Thanks for posting this. I'm struggling with this same decision right now, and have reached the same conclusions that you've posted on your linked page. Just had a quick question. Did you end up springing for a torque screwdriver, or did you torque the alumiconns via the "alternate" method? 

Thanks,

Mike


----------



## ntomlin (Dec 14, 2008)

*didn't get the torque screwdriver*

I just used the alternative tightening method - no torque screwdriver, and it seemed to work just fine.


----------



## Michael Thomas (Jan 27, 2008)

220/221 said:


> In real life, regular wire nuts are fine. They lost their listing as a technical/legal issue. I have never seen a properly installed wire nut burn up.


Take a look here :

http://www.alwirerepair.com/examples_of_burnt_wire_nuts.htm


----------



## 220/221 (Oct 9, 2007)

These pics simply show burned nuts. I have seen many burned nut on *copper* applications. *A loose connection causes arcing which gets progressivly worse.*

It's not the aluminum, it's the bad connection. Think about it. How many *millions* of connections are NOT burned? Why are the rest of the splices in that house not burned? Why are there not burned nuts in *every* house?




> Take a look here :


Remember, *both* these links are from *people selling product*. They are *advertisments*. ALWAYS consider the source when doing internet research.

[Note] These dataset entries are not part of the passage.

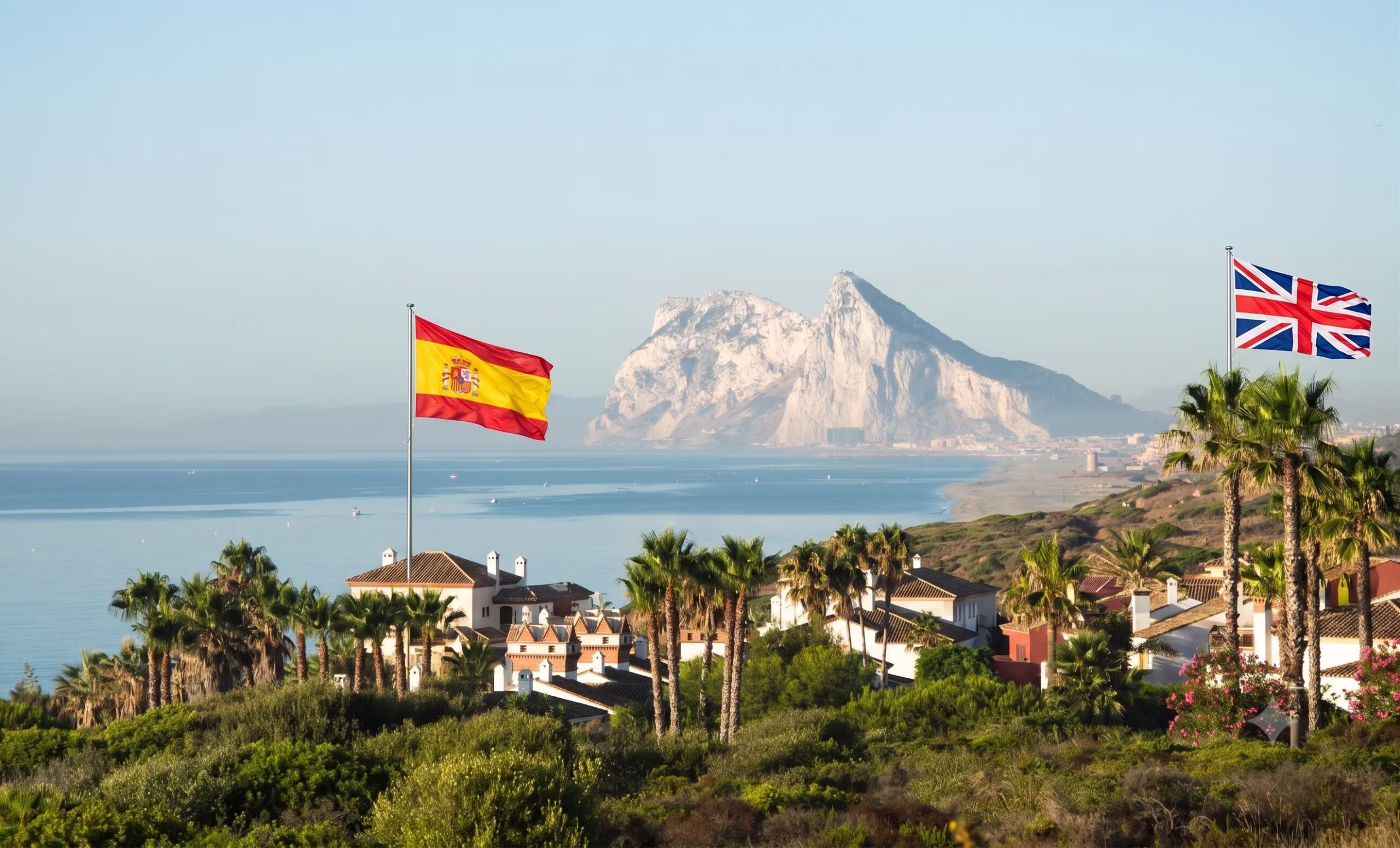 Gibraltar, accord frontalier historique UE-Royaume-Uni : le dernier mur d'Europe continentale tombe
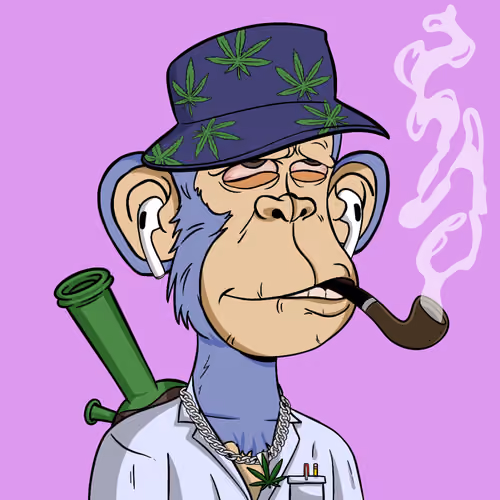 Stoner Ape #1664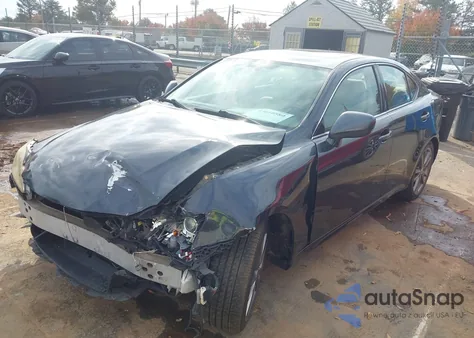 2008 Lexus Is 250 из США, поврежденный, VIN JTHBK262385082925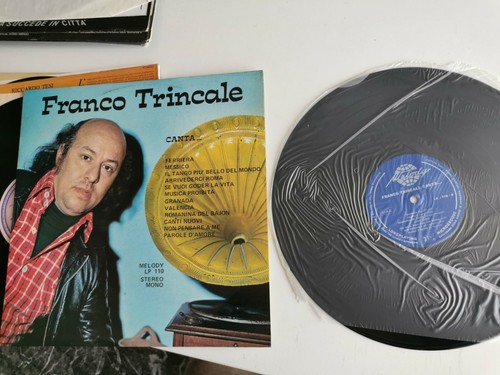 Franco trincale canta lp - trincale, ...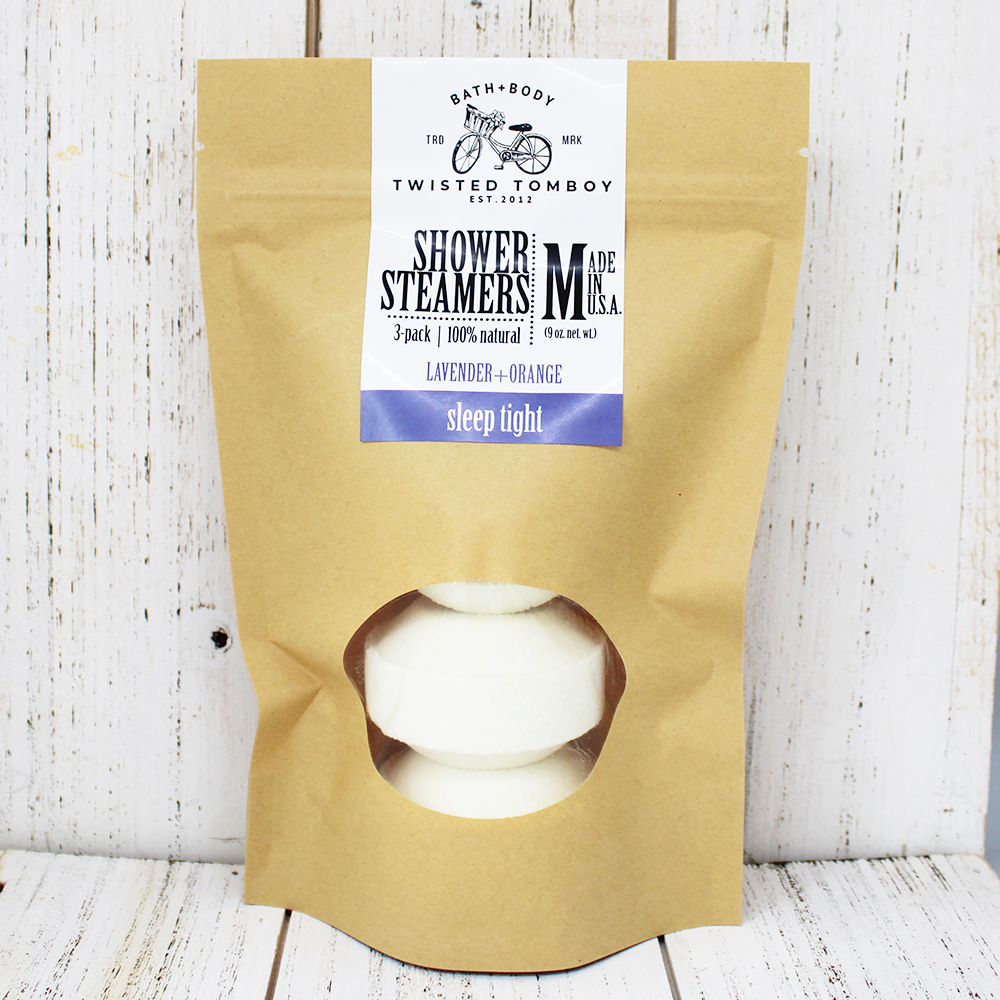 Twisted Tomboy Shower Steamers |  4 Scents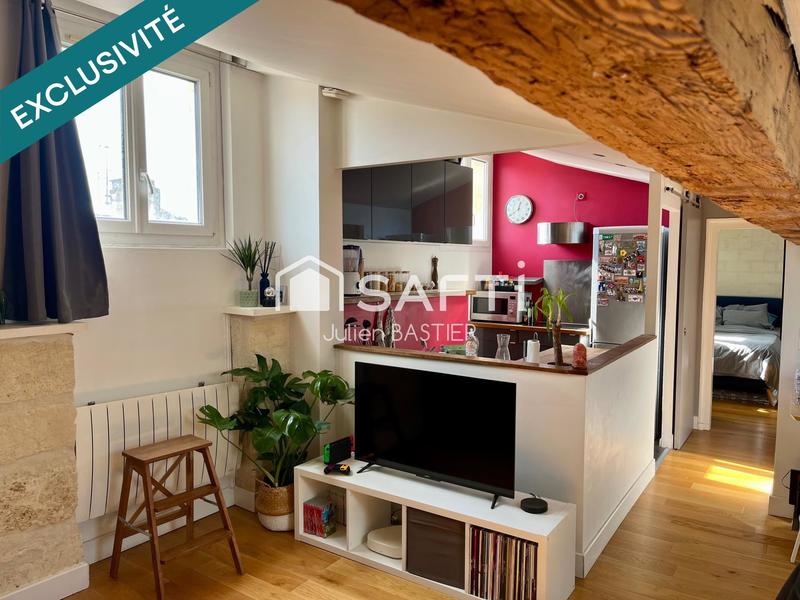 Appartement - 48 m² - 2 pièces
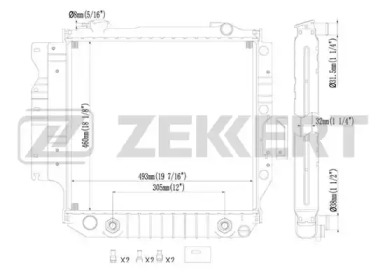 ZEKKERT MK-1326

The *first* pictures (all the same connection) is *obviously *homeowner/handyman work and the connection was not secure. The wires were not even twisted together at all.

The *second* pictures show *five* #12's under a *yellow* wire nut. :jester:

The *third* pic?...who knows....I can't even tell it's AL.

I can pick apart *most* of the pictures there and I can honestly say that I've seen more that that many burned connections on loose copper joints.



My bottom line is: From a legal standpoint, use the rated methods. Mechanically there is no difference.


----------